For the assessment of the missing child's location and the surrounding environment, the robot employs the ORB SLAM3 algorithm, a Visual SLAM(Represented as 4) in Fig. 1) technique using cameras[11]. While navigating through the environment following its path planning, the robot utilizes ORB SLAM3 to construct a 3D map. This real-time 3D map allows the robot to continually determine its current position and assess the surroundings within the multi-purpose facility. Ultimately, once the algorithms, including Navigation and ORB SLAM3, have successfully detected both the child's height and clothing information, motor control is initiated to stop the robot. Subsequently, using the SLAM's localization capabilities, the approximate child's position is transmitted to the Ground Control Center(GCS).
Ⅲ. Implementation
The hardware configuration for system implementation is depicted in Fig. 3. A laptop serves as the Master PC, controlling other devices such as the 2D Lidar and Depth Camera, as well as managing detailed processes. The Companion board functions as the Slave PC, equipped with firmware for motor control and connected to enable robot movement control as instructed by the Master PC.

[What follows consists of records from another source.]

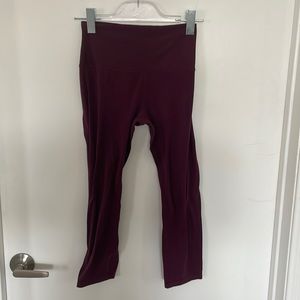 Lululemon align crop size 6 23 inch inseam. Maroon
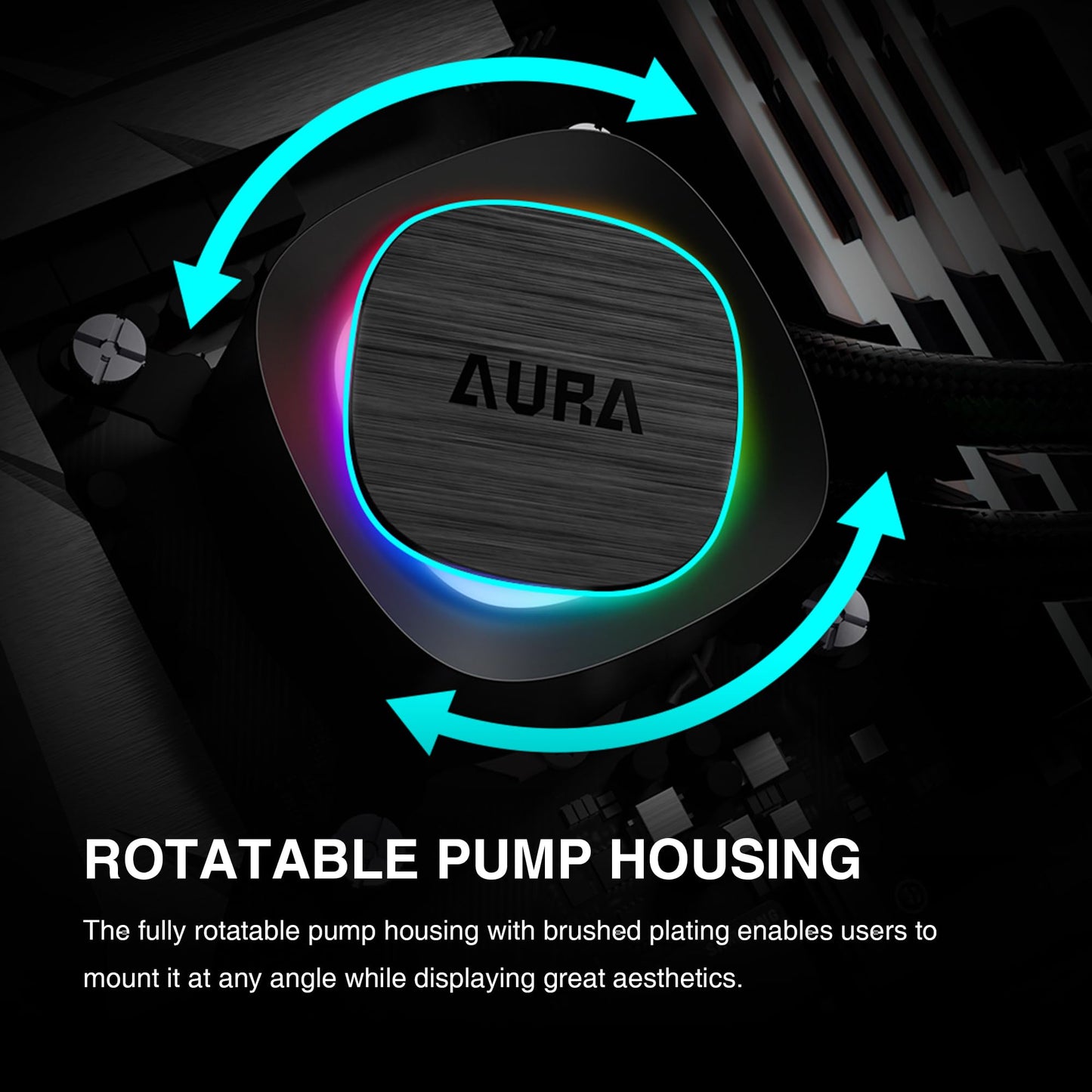 GAMDIAS Aura GLV2 360mm AIO Liquid CPU Cooler, Rotatable Performance 10-Pole Pump, 3 x 120mm Daisy-Chained Hidden Cable Fans, Low-Noise PWM & ARGB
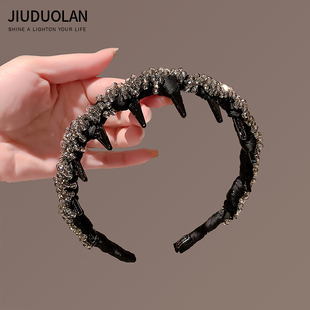 水晶带齿轻奢满钻发箍女发饰简约气质高级感防滑细头箍发卡头饰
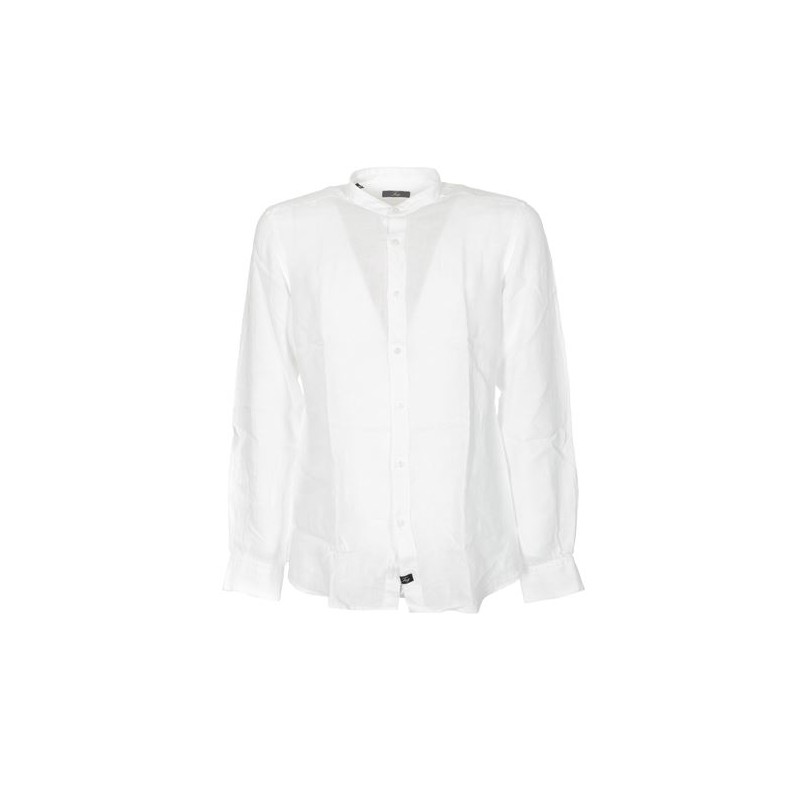 FAY - Camicia Collo Coreano Tinto Capo - Bianco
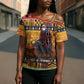 Kenya Safari Christmas Cross Shoulder Shirt Black Santa Riding Cape Buffalo - Heri ya Krismasi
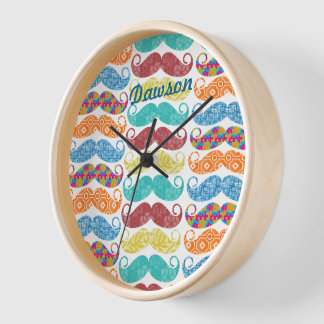 Mustache  Mr. Hipster Vintage Retro Wall Clock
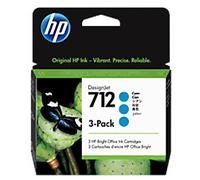 HP 712 DesignJet Ink Cartridge 3ED77A 29-ml Cyan Pack of 3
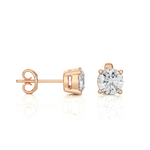 Load image into Gallery viewer, Side view of 1 Carat Four Prong Round Cut Moissanite Stud Earrings in Rose Gold, highlighting prong height and earring profile.
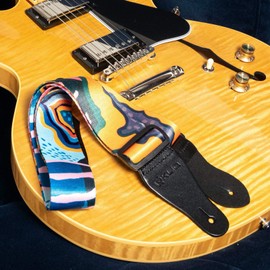 KLIQ Vintage Woven Artist Series Guitar Strap for Acoustic and Electric Guitars + 2 Free Rubber Strap Locks, 2 Free Guitar Picks and 1 Free Lace | Terylene Printed |"Anemone" by KLA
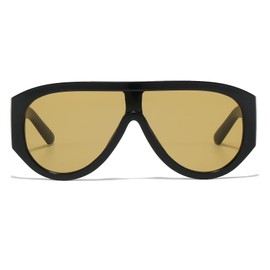 Long Keeper Oversized Pilot Sunglasses for Women Men Retro 70s Large Square Sunglasses Vintage Flat Top Chunky Sun Glasses UV400 Protection (Black Brown)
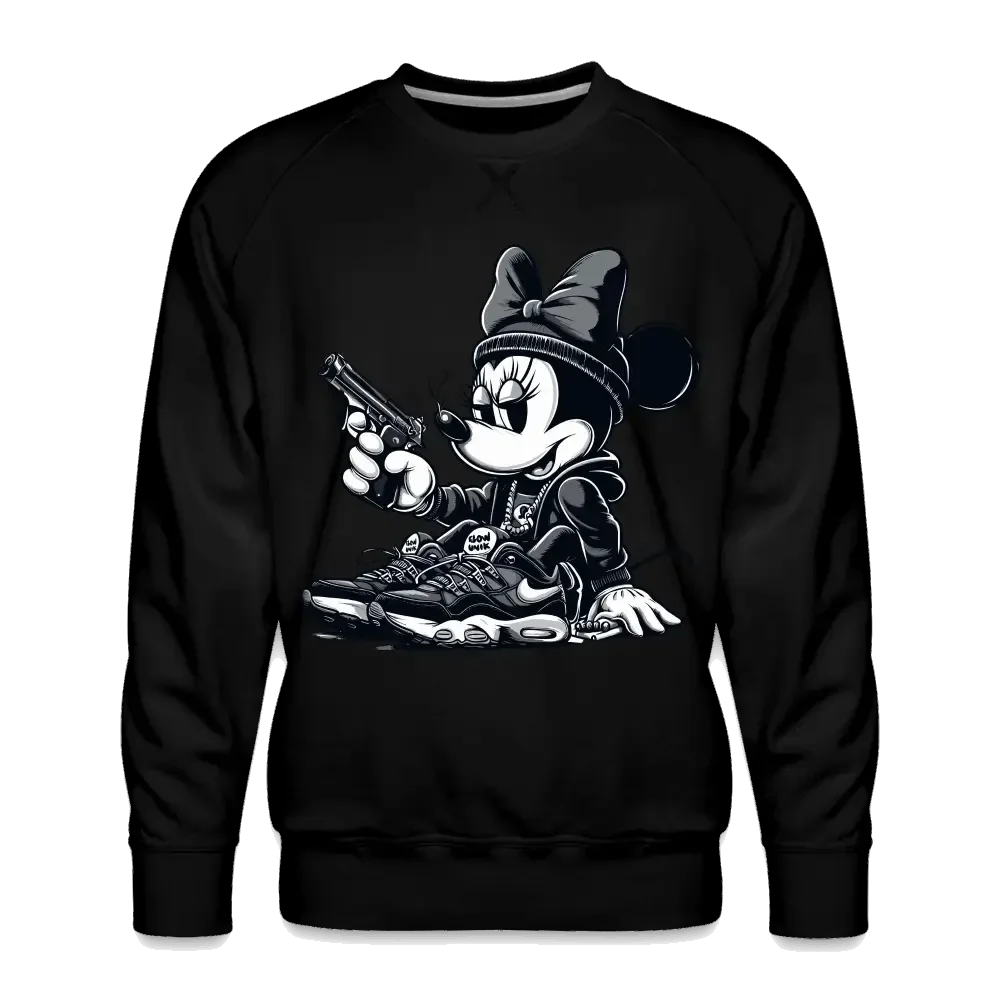 Sweat ras-du-cou Premium Homme Minnie mouse Gangster - noir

The entire algorithm has been implemented within a Docker container running on Ubuntu 18.04, with ROS Melodic installed. Within this environment, all processes, including multi-label classification, height estimation, SLAM (Simultaneous Localization and Mapping), and Navigation, communicate with each other and execute as part of the integrated system.
The experiment was conducted using a female subject with a height of 167cm and wearing a striped top with black pants. The robot search for a person matching this description while moving around. When the robot detected the target, it report the discovery to the GCS. The following provides detailed explanations for each of the processes.
3.1 Height estimation
For height estimation, the RealSense D455 camera, capable of measuring distances between objects and the camera, was utilized. The height estimation algorithm, depicted in Fig. 4, is implemented as a single node, which is the smallest executable unit in ROS. It all begins when the system receives a message containing the missing person's height information through the 'input' topic. This message is subscribed to within the RECEIVE_HEIGHT function. The message is used for comparison with the results of estimating the person in the camera images during the ESTIMATION function. In the ESTIMATION function, before performing height estimation, a confidence score threshold of 0.9 (90%) was set for the person class to ensure accurate person extraction. Then, assuming that the camera and the person are horizontally aligned, experiments were conducted with four different individuals for height estimation. The results showed that the highest accuracy was achieved at a distance of over 2.4 meters. Therefore, considering a slight margin of error, height estimation is only performed when the distance of the detected object to the camera falls within the range of 2.4(±0.1) meters.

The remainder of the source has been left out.